Data records
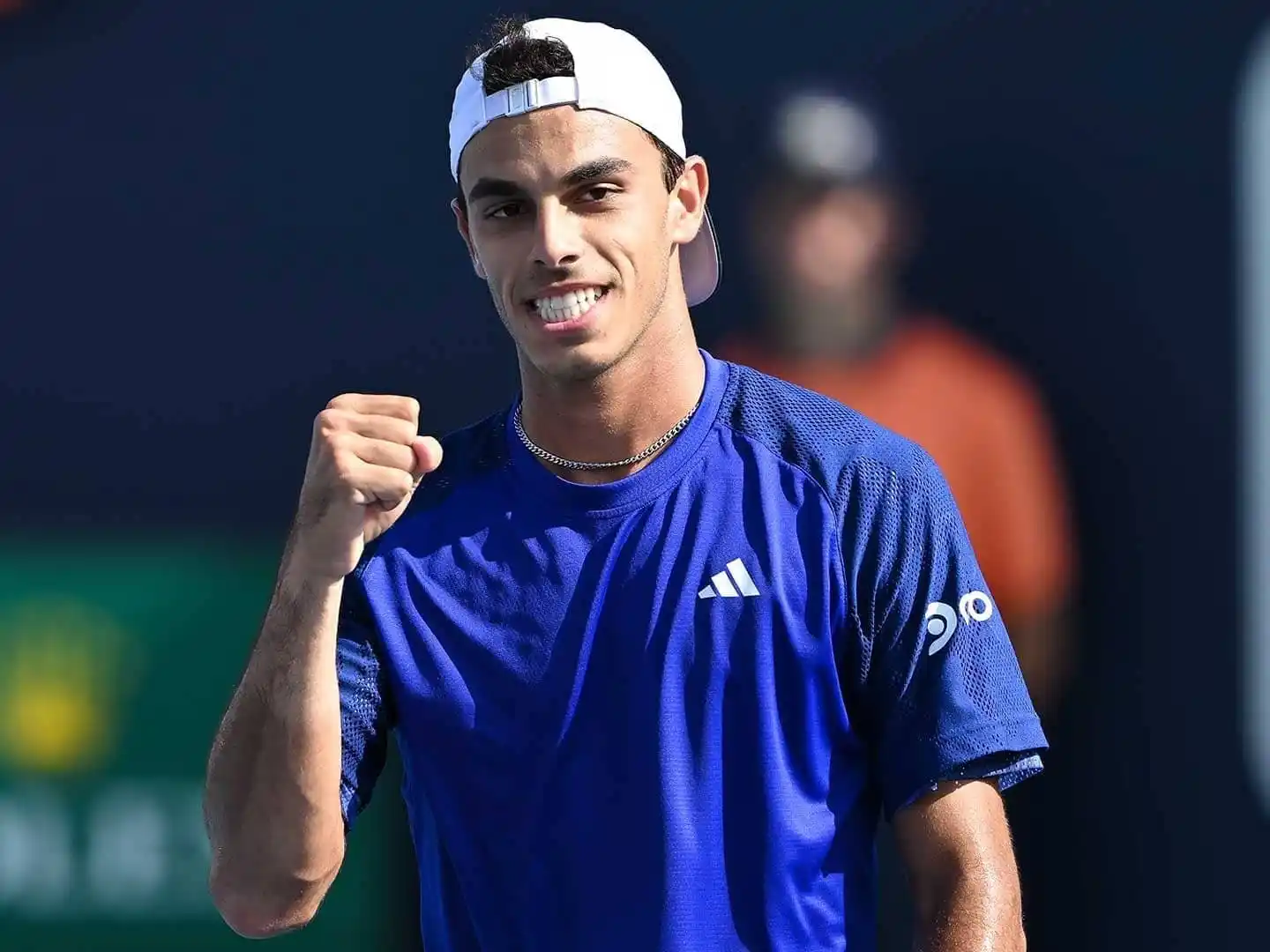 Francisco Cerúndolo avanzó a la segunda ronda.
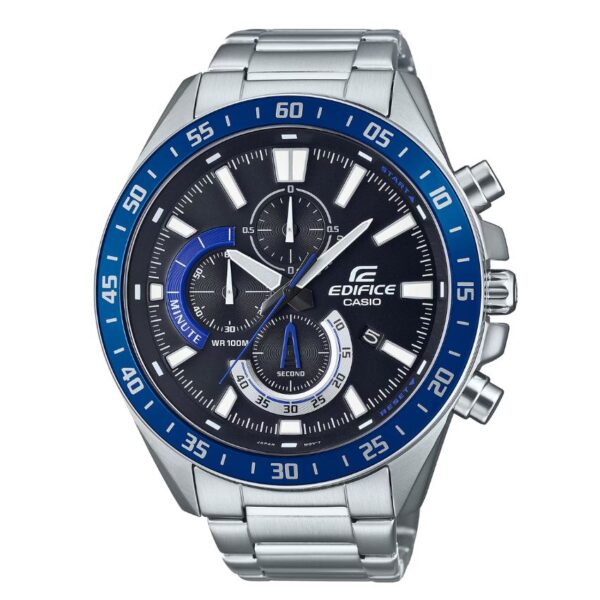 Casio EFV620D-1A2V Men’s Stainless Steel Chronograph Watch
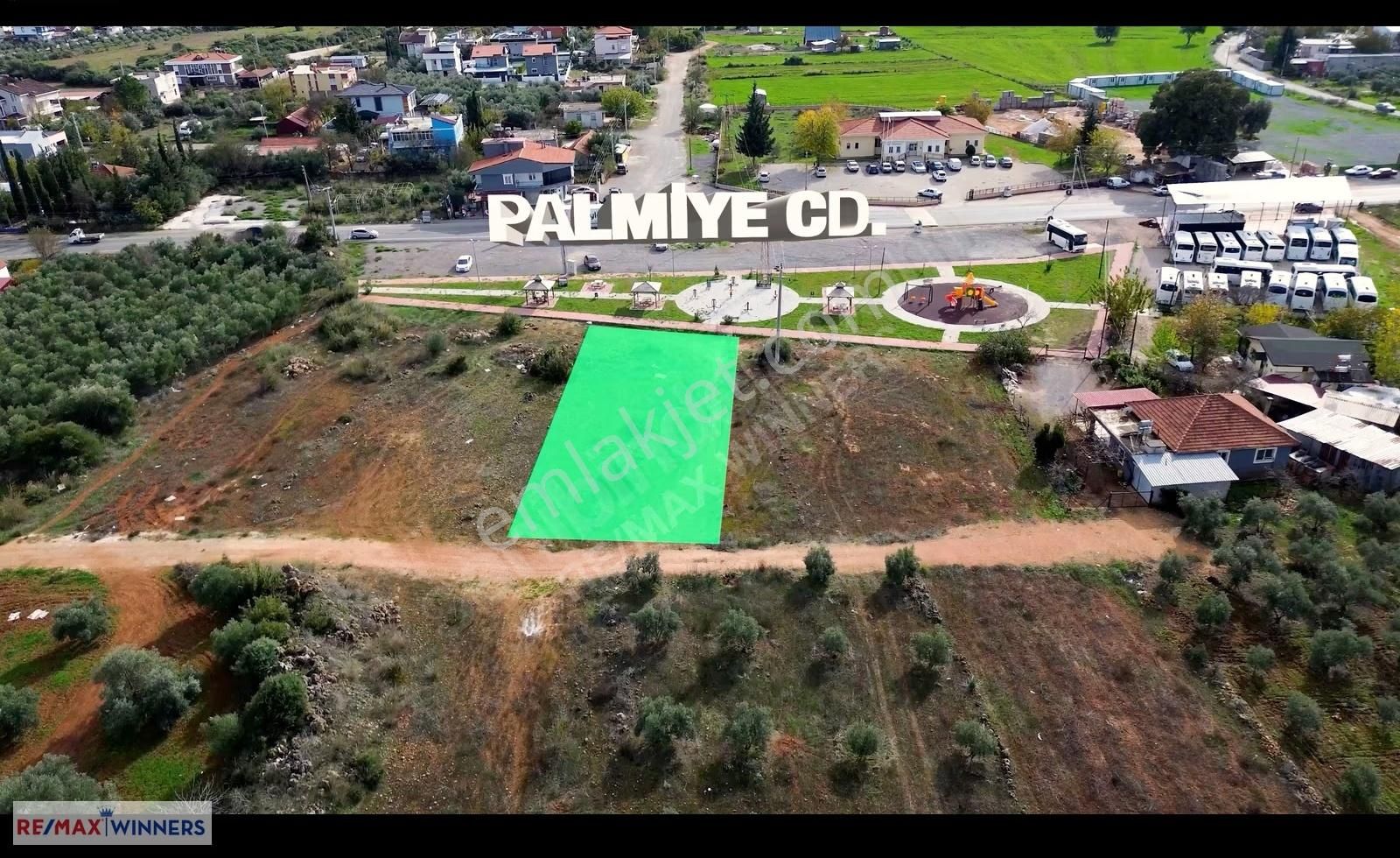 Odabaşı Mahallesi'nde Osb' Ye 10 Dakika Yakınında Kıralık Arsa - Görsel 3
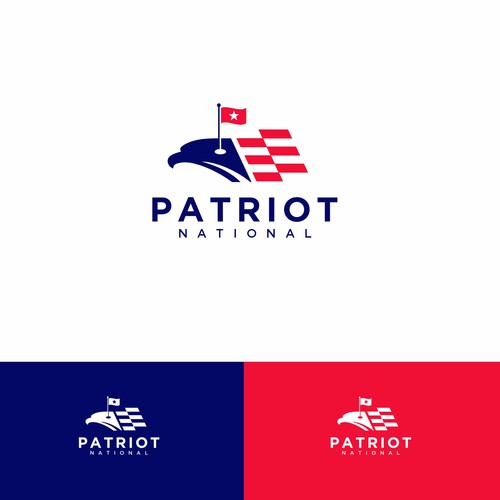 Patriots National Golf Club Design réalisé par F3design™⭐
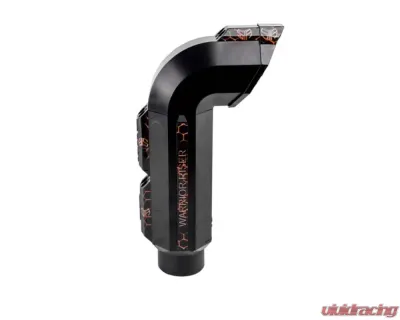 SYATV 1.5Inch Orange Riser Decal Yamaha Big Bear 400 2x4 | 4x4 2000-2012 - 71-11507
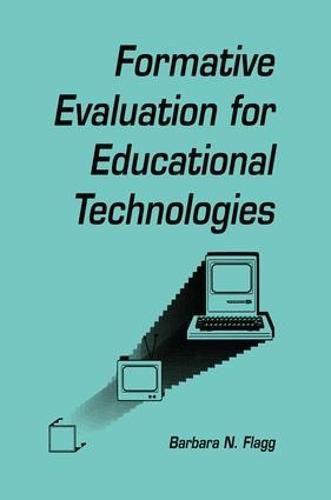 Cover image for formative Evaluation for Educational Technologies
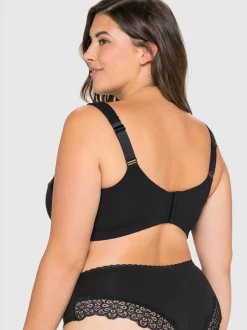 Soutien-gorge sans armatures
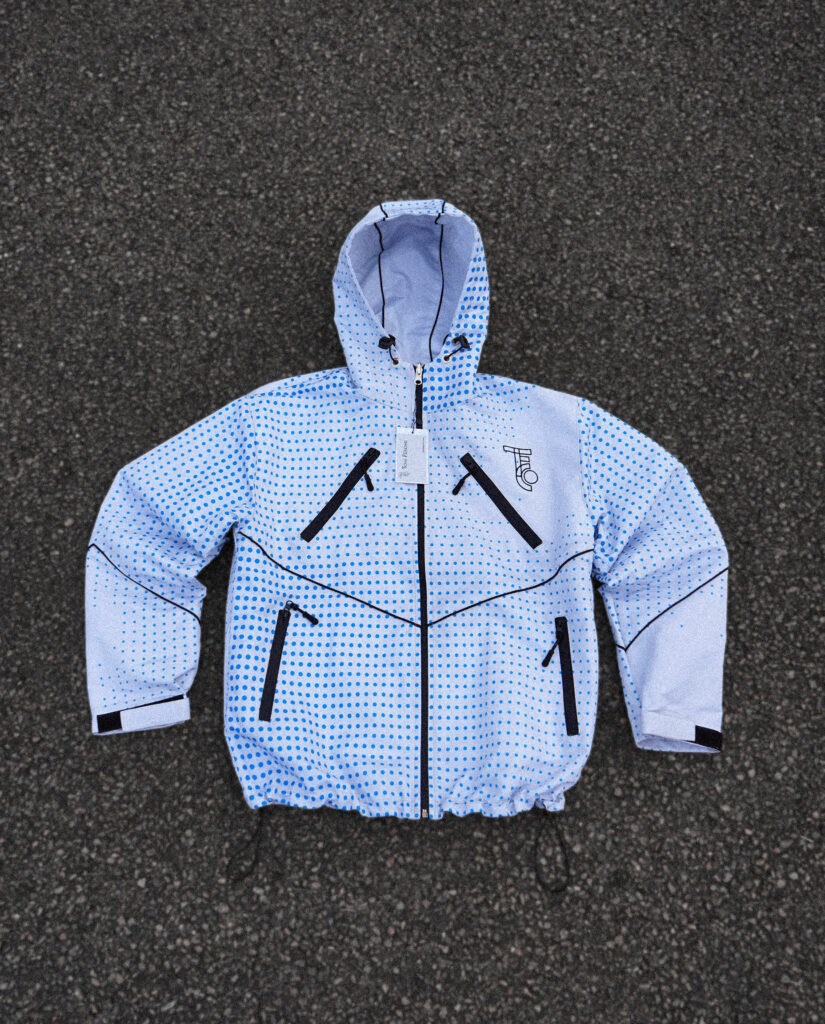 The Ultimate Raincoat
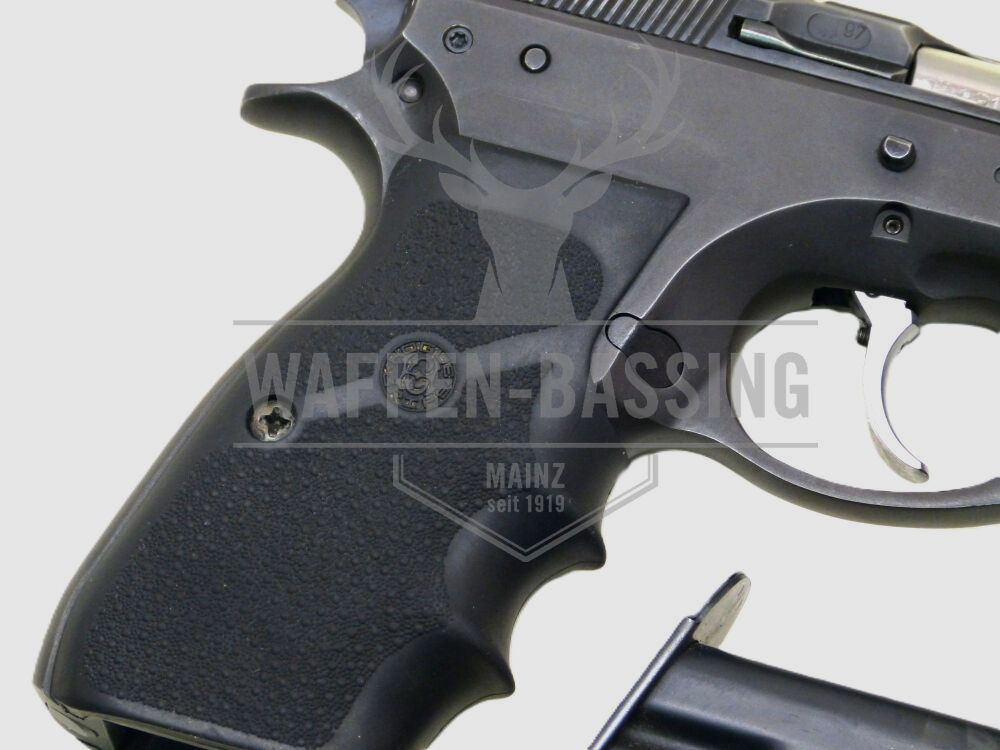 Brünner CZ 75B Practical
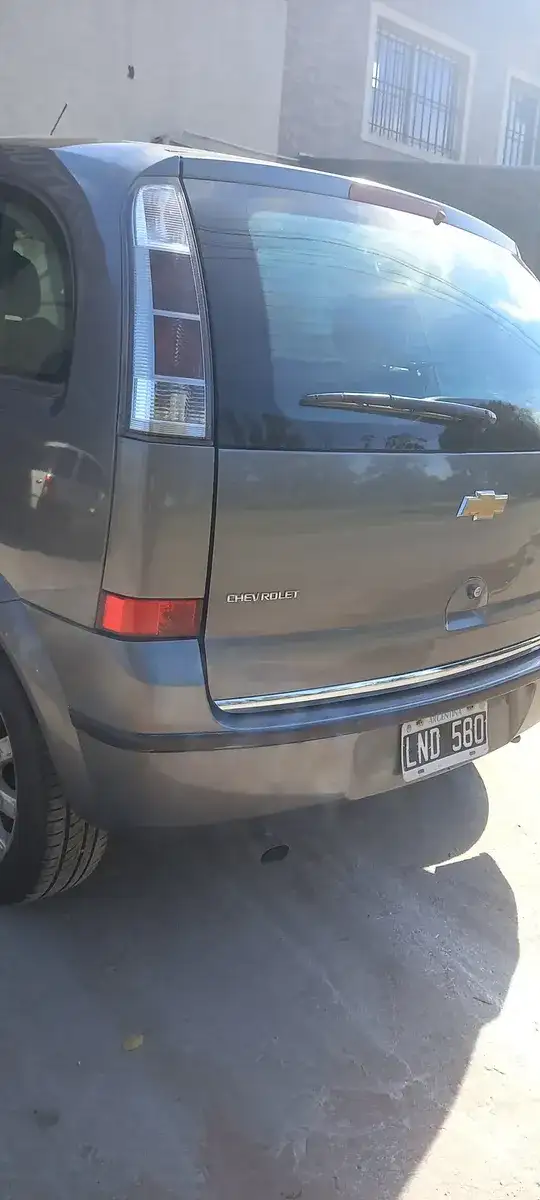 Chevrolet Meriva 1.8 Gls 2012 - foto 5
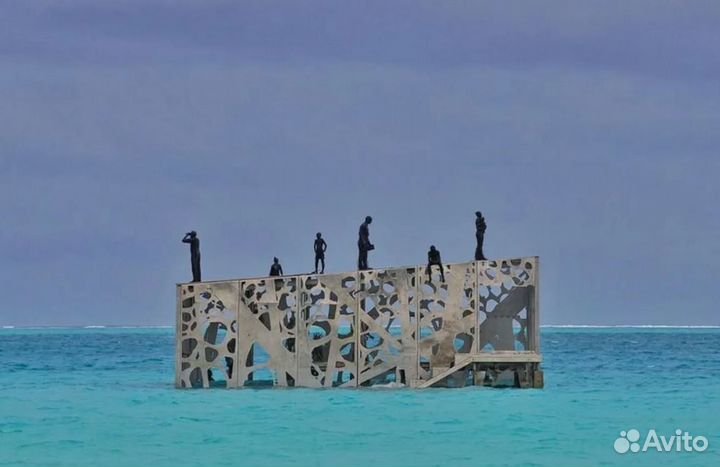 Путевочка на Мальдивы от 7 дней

**Activity**
Would you restate word for word only the lines from the line with "Soutien-gorge sans armatures" to the last line above, with the pictures left out?

**Expected answer**
 Soutien-gorge sans armatures
 The Ultimate Raincoat
 Brünner CZ 75B Practical
 Chevrolet Meriva 1.8 Gls 2012 - foto 5
 Путевочка на Мальдивы от 7 дней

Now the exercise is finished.